Good luck with them all! And be sure to keep us updated with pics and such!


----------



## CarrieD (Nov 20, 2011)

This just made my day.


----------



## Arashi (Feb 4, 2012)

Ren must be a really special rat ;D


----------



## halfmoon (Mar 29, 2010)

Amazing. Who's cutting onions?!?!


----------



## A.ngelF.eathers (Jul 6, 2011)

Dawwwwwwwww<3333


----------



## tm22 (Mar 19, 2012)

sweetest thing ever! <3


----------



## panton123 (Mar 22, 2012)

Words cannot describe how cute tht was :3


----------



## Lex (Mar 22, 2012)

*Aww*

That's so sweet!!


----------



## Qku. (Apr 29, 2011)

Oh my, this is the cutest!


----------



## Keelyrawr (Mar 7, 2012)

That's pretty amazing :3 I think I saw your post on yahoo! answers about this- asking if people thought she'd take care of them. Rats are really special.


----------



## ratjes (Mar 26, 2011)

Wow, I love the video but not so the bedding in the cage.
Keep us posted when the babies grow up to be real hamsters or will they grow up to be "ratsters". Good job, Thanks for saving them.


----------



## Iheartroxyrat (Feb 22, 2012)

awww  thats so fricken cute! i wish my momma rat was this good of a mommy! go Ren


----------



## Korra (Dec 11, 2011)

Rats are actually very well known to adopt members of other species.

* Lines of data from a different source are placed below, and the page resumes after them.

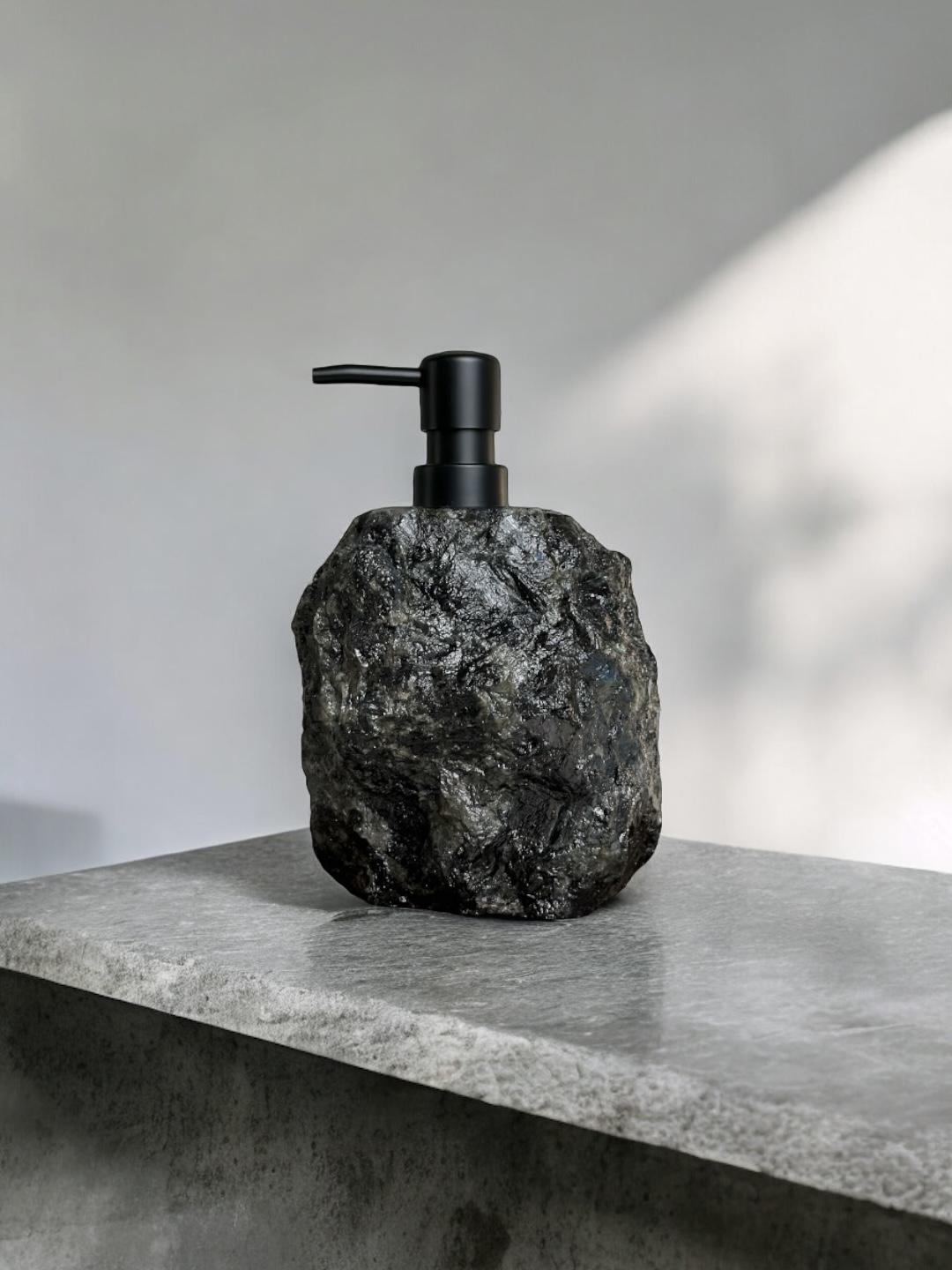 Дозатор для мила з натурального лабрадориту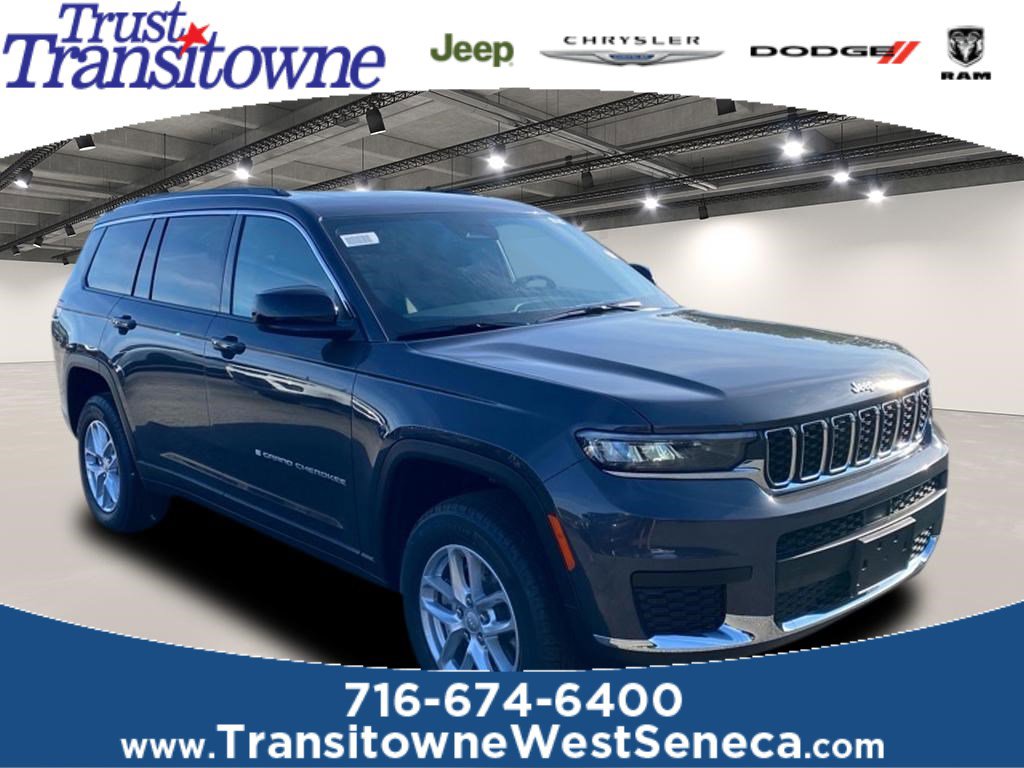 2025 Jeep Grand Cherokee L Laredo's photo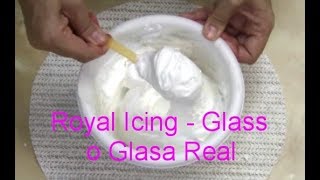 Cómo Hacer Royal Icing Glass o Glasa Real  Club de Reposteria [upl. by Icyaj841]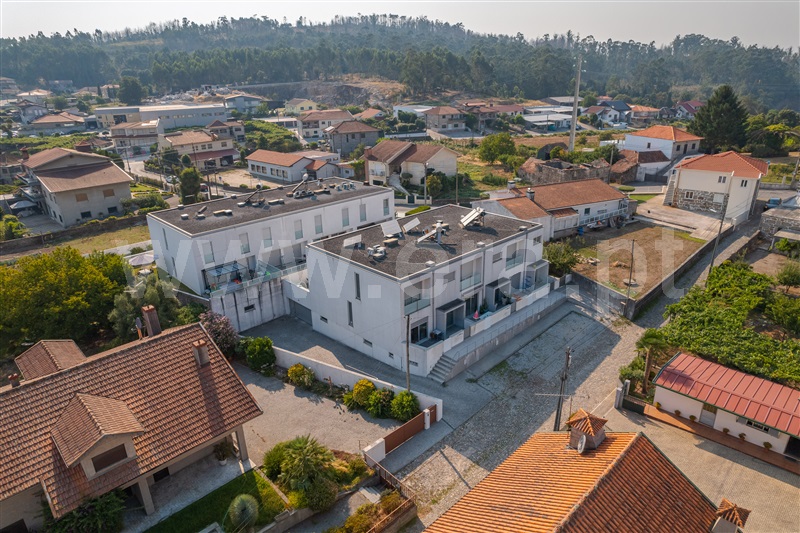 Moradia em Banda T3 Paços de Ferreira, Sanfins Lamoso Codessos - 1493046 - 3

I have heard of rat moms adopting baby squirrels, abandoned mice, and other small rodents.


----------



## Maiden (Mar 9, 2012)

And now she's a rat!


----------



## Arashi (Feb 4, 2012)

Maiden said:


> And now she's a rat!


Hahaha, that made my day.


----------



## Elaneyse (Mar 29, 2012)

I was like, this is pretty damned cute.

Then you did the close-up holding the baby hamster.

Onions.


----------